Jacket of Ragnarok by AS ByattThe word “Ragnarok”, AS Byatt tells us in this textured, numinous retelling of Norse myths, has two possible interpretations: one correct, one a misreading. The incorrect (but more beautiful) one stems from “Ragnarøkkr”, which means “twilight of the gods”. The right meaning comes from “Ragnarök”, meaning “judgement of the gods” (“Regin” being the word for gods, and “Ragna” its genitive plural.) It is this latter that interests her: the total, beautiful destruction of the world – and not only the world, but the gods themselves.

Byatt’s reading – part of a series of reinterpretations of myth published by Canongate – focuses on her own experience of Tales of Asgard as a child. In Ragnarok this thoughtful little girl is called “the thin child” – “partly because she was thin, but also because what is described of her world is thin and bright, the inside of her reading and thinking head.” It is wartime, and the child’s father is away. She imagines him burning in a plane above Africa. As the myths take root in her mind, she seeds their sense of hopelessness away as a store for the possibility that he might not come back.

The thin child is unusually thoughtful, wondering “Why is there something rather than nothing?” For her the tales of Jesus preaching to woodland animals that are fed to her by the Church are unsatisfactory (“except maybe the snake which had not asked to be made use of as a tempter. The snake wanted simply to coil about in the branches.”). She is instead drawn to the weirdnesses of the Norse myths, where “the stone giants made her want to write. They filled the world with alarming energy and power.” While not believing in the Norse gods, “they were coiled like smoke in her skull humming like dark bees in a hive.”

Energy and power drip from Byatt’s writing. The thin child cannot contemplate the gods slaying the frost giant Ymir, so she reduces everything in her mind till the world “resembled a thick glass ball, inside which the mist blew like ropes.” It’s a crystalline, evocative image, with its own mythic resonance. There are echoes of Byatt’s last novel, The Children’s Book (particularly the tales told by the main character, Olive Wellwood, to her children).

Central to Ragnarok, and the catalyst of the end of the gods, is the story of Baldur the Beautiful, doomed to die. Byatt handles this with an archaic, archetypal tone that encompasses and transcends the ages. Baldur is the brightest of all the gods; since his mortal fate is known, his mother, Frigg, makes an exhausting journey throughout the whole world in order to ask everything not to harm him. But “the shape of the story”, of course, dictates that she leaves something out: mistletoe. This leads the trickster Loki into gulling Baldur’s blind brother into killing him. It pulses with poignancy, taking root in the mind, spreading its dark tendrils as the myths occupied Byatt’s own.

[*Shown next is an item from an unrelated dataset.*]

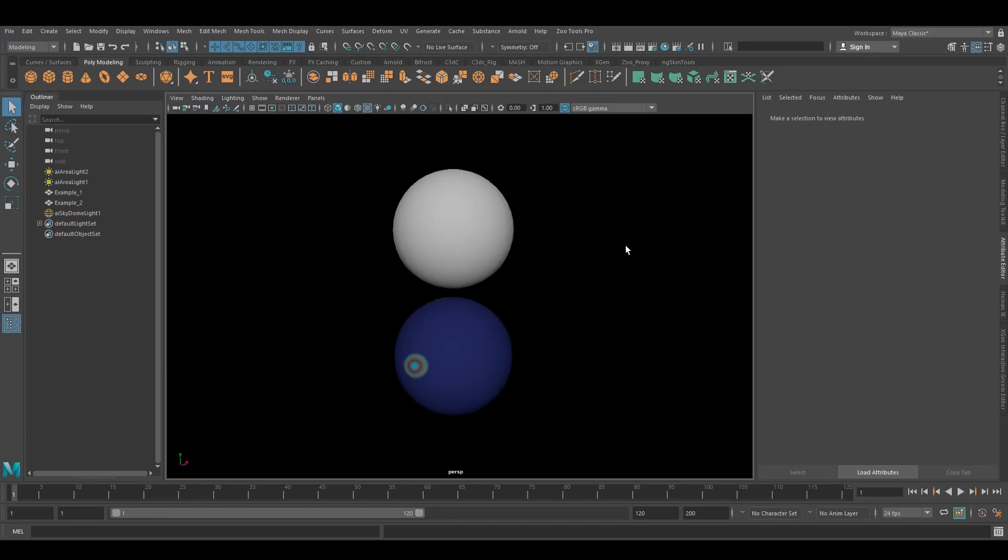In this tutorial I'm going to show you how you can have Arnold shaders that would otherwise show just a flat color in the viewport to actually show the texture that you want.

There are too many glittering sentences to quote here in full, but one thing remains to be said: Byatt, in a mini-essay at the end, explains that she is also using the myth as a warning against the cleverness of humans. The gods were destroyed by their own mistakes. “The surface of the earth was like a great embroidered cloth, or rich tapestry, with an intricately interwoven underside of connected threads.” So it is for us, and we humans must learn to recognise that, before we face our own Ragnarok, and nothing is left but a strange, empty disc.